Marketing matters, as up and coming bands aren’t guaranteed profit from the get-go.
For indie punk band Clairvoyant, consisting of three Humber College and University of Guelph-Humber students, band merchandise not only provides revenue but helps cultivate a visual identity for the musicians.
These punks purchase more sale inventory with their merchandise earnings, so it’s doubtful they care about making a lot of money, at least right now. What they want is recognition.
Clairvoyant consists of guitarist and vocalist Hannah Edgerton, a second year Creative Photography student at Humber’s North campus, bassist Riley Barnes, and drummer Robyn Bond, both Media Studies students at Guelph-Humber.
“Once you get to the point where you want to do music seriously, you have to have merchandise because that’s how you’re going to get most of your revenue,” Barnes said.
But selling merchandise can be tougher than being in the mosh pit.
Clairvoyant started playing shows in the spring of 2016, and their first foray into merchandise was t-shirts, closely followed by stickers. For the past few shows, Clairvoyant has sold patches.
Clairvoyant, which will be playing the Horseshoe Tavern on May 17, has ordered 80 t-shirts. They said about 70 have been sold, or one per show.
Upwards of 100 CDs of their debut EP Rot have been sold, or three per show.

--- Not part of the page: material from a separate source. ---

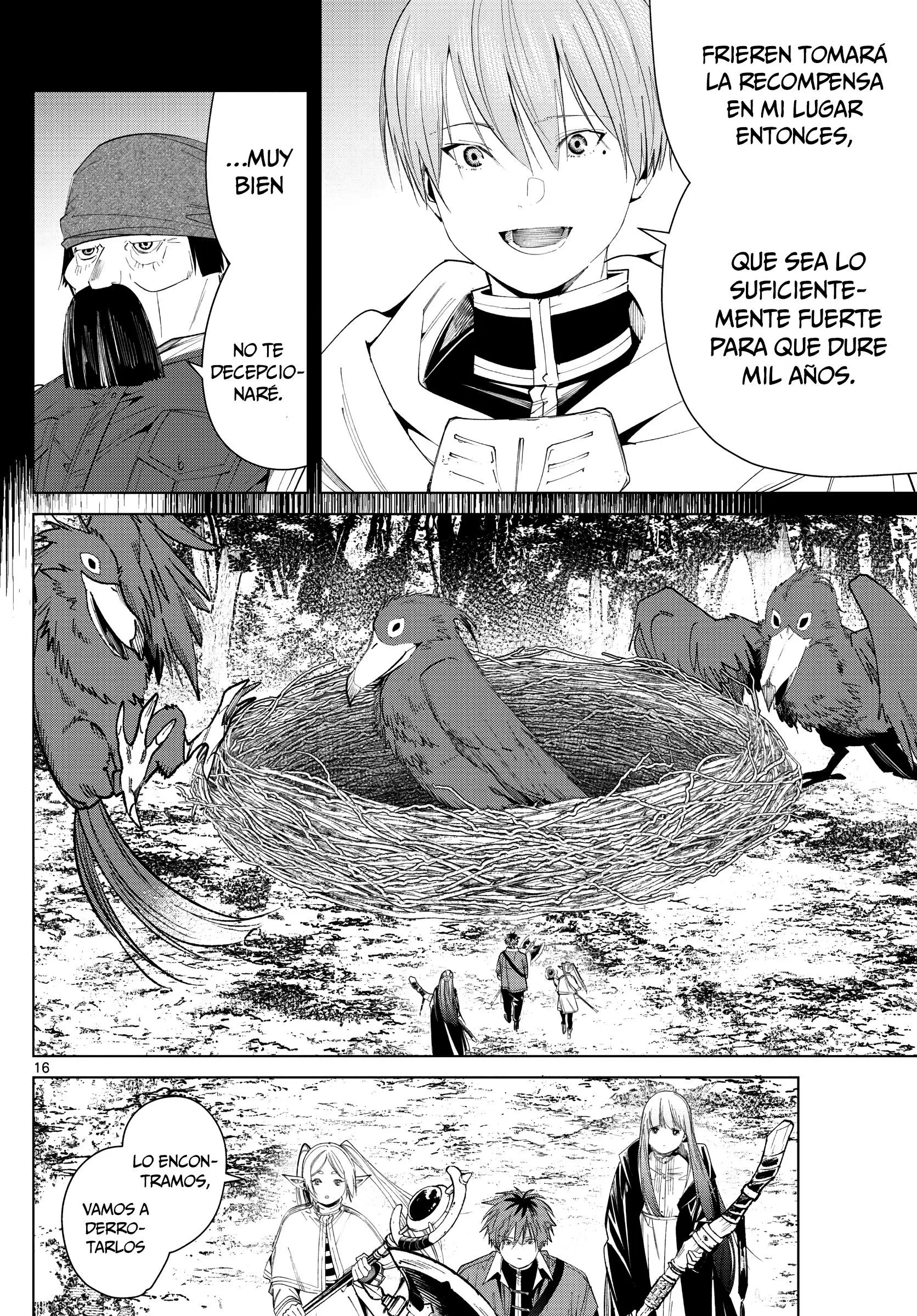 Read Sousou no Frieren ES Manga Online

Rot is also available on Bandcamp.
“Especially when you’re signed to a label, your music doesn’t actually get that much profit, so a lot of the revenue of people who are living off music comes from merchandise and stuff like that,” Barnes said.
Bond said merchandise is the tangible connection between a band and the crowd, helping to build a sense of community.
Bond, who worked at an outdoor theatre during the summer of 2016, recalled an experience with an unlikely consumer.
“The audience was all old people that obviously didn’t know our music and probably wouldn’t like it,” Bond said. “But one of my coworkers that came to a show bought one of the shirts with our album cover and literally one of the members of the audience, like a really old lady, came up to her and was like, ‘where did you get that shirt?’”
The woman, who found out Bond was selling the shirts, approached her eager to buy one.
“That speaks volumes,” Bond said. “Merchandise goes past the point of it needing context, it becomes a statement in itself.”
She said when a band has shirts with effort put into them, people will buy them be they a fan or not.